**Problem details**
Tally the lines below that contain the word "купить". Only the number should be returned.

**Data**
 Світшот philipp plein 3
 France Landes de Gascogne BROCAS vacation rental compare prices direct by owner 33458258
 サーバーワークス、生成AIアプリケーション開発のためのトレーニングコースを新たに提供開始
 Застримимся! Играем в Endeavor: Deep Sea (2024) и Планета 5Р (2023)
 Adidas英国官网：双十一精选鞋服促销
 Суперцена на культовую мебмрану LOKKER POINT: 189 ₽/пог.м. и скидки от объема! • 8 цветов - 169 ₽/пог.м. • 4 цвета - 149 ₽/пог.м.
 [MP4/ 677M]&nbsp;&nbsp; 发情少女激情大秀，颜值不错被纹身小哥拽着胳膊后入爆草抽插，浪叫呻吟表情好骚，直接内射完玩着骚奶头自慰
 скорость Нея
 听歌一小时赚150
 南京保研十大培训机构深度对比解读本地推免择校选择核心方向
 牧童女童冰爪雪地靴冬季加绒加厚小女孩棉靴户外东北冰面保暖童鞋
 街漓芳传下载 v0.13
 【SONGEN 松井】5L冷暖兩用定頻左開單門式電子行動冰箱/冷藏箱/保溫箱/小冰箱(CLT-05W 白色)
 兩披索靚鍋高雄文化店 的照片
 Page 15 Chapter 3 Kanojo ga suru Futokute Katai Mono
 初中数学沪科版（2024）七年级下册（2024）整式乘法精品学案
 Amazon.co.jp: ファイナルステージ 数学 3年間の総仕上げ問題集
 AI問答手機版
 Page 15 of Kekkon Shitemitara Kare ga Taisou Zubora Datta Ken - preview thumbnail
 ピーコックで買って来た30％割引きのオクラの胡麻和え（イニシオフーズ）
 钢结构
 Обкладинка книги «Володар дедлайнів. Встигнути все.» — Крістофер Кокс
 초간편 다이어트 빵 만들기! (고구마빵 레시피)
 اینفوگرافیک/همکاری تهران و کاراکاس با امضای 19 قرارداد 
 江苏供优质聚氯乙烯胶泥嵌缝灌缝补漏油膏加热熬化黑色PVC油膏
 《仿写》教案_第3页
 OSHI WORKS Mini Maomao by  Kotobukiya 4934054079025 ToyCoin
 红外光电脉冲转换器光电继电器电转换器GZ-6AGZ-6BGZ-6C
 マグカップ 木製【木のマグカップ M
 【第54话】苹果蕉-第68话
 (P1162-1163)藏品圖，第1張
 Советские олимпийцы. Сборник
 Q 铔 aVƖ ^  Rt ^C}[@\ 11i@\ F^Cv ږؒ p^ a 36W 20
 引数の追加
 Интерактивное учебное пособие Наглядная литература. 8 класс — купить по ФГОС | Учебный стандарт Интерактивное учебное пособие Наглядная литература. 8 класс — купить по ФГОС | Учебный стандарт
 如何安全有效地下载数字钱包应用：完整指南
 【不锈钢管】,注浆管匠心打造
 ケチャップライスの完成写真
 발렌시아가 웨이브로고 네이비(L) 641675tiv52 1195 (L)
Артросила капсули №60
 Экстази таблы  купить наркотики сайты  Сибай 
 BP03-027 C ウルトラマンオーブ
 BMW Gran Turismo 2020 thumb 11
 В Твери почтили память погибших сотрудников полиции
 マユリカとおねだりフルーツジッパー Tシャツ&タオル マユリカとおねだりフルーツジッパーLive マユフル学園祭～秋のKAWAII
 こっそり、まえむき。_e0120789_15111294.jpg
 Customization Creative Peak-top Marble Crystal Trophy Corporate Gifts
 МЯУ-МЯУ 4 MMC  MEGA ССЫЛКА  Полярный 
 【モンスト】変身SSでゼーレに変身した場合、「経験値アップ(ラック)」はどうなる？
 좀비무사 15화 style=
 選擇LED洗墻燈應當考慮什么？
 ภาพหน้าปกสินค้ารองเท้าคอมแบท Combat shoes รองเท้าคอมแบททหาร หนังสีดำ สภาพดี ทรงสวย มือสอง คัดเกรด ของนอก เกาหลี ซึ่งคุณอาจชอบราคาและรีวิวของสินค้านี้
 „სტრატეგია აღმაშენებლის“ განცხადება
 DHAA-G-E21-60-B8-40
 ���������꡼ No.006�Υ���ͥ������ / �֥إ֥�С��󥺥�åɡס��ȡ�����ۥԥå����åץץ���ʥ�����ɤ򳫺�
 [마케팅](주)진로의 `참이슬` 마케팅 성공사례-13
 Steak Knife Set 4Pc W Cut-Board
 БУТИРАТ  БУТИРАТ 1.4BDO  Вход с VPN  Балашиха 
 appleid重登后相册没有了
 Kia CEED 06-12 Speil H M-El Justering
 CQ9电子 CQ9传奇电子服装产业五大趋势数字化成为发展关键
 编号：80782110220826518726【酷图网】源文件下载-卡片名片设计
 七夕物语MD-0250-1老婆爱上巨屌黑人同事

**Expected output**
2